The breakthrough finally came in December, after scientists at the University of Western Ontario - working with Defence Department forensics investigator Laurel Clegg and others - used isotope signatures from the soldier's teeth to retrace his geographical movements: from 1890s childhood in Ireland, to immigrant farmhand in southern Alberta, to front-line fighter in the 1914-18 global conflict.

That path through the world was followed by only one of several candidate Canadian soldiers whose bodies also went missing after the battles of June 8 to June 9, 1917, near Avion.

The dental isotope findings - supported by documentary evidence and the other scientific research, including a three-dimensional facial reconstruction based on the soldier's recovered skull and jawbone - led to yesterday's announcement in Edmonton, the home base of the regiment that Lawless, like Peterson, belonged to when he died nearly a century ago.

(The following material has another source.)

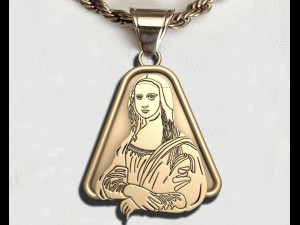 Mona Lisa PENDANT 3D Print Model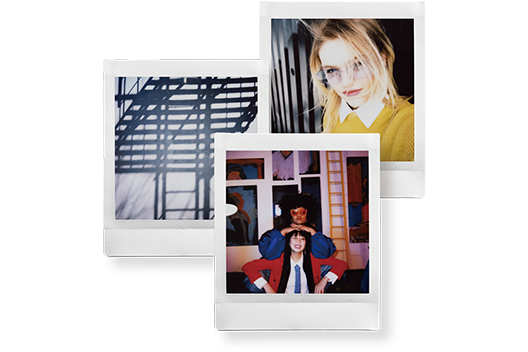 Examples of photos prented in square format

"Nearly 28,000 Canadian soldiers went missing during the Great War, Second World War and Korean War," Defence Minister Peter MacKay said in a statement announcing the identification. "New remains are discovered every year and my department and their partners work diligently to identify these fallen to ensure that their ultimate sacrifice is honoured."

MacKay's parliamentary secretary, Laurie Hawn, who attended a ceremony in Edmonton yesterday marking the identification, added: "We are thankful that Pte. Lawless will finally be laid to rest with the honour and dignity that he deserves. (He) gave his life in the name our country, and his contribution to Canada in the First World War will not soon be forgotten."